-- Exercise requirements --
Everything from the line with "William D. Lewis" to the line with "strawberries fresh and" in the listing below, both lines included, needs to be copied exactly, apart from the pictures.

-- Material for the task --
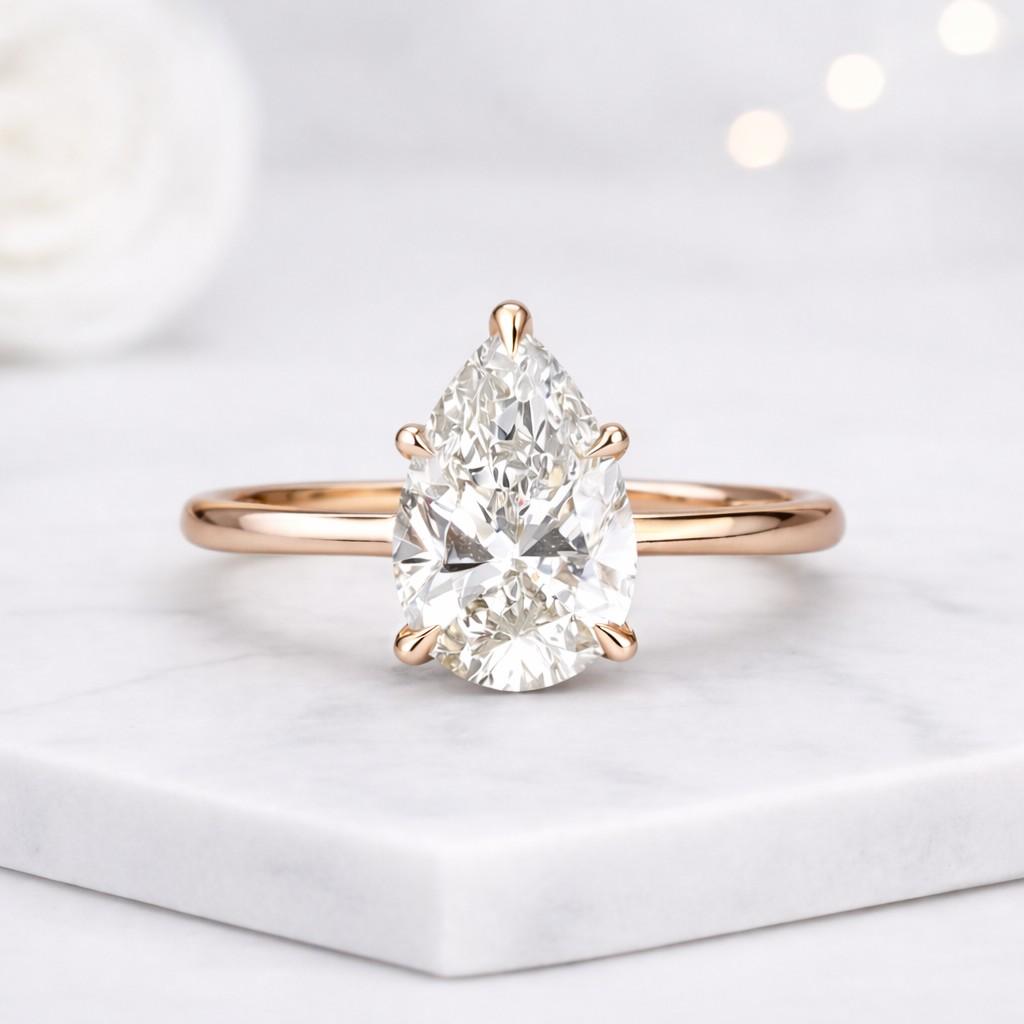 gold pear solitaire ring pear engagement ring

---

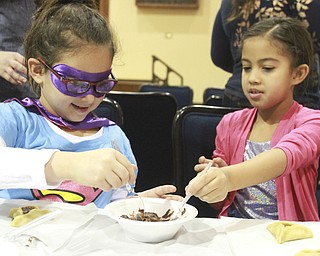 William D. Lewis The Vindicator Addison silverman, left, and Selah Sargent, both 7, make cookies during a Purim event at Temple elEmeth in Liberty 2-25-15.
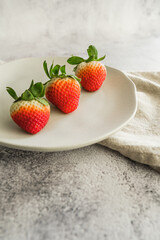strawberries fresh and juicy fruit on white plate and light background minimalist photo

-- Solved problem --
 William D. Lewis The Vindicator Addison silverman, left, and Selah Sargent, both 7, make cookies during a Purim event at Temple elEmeth in Liberty 2-25-15.
strawberries fresh and juicy fruit on white plate and light background minimalist photo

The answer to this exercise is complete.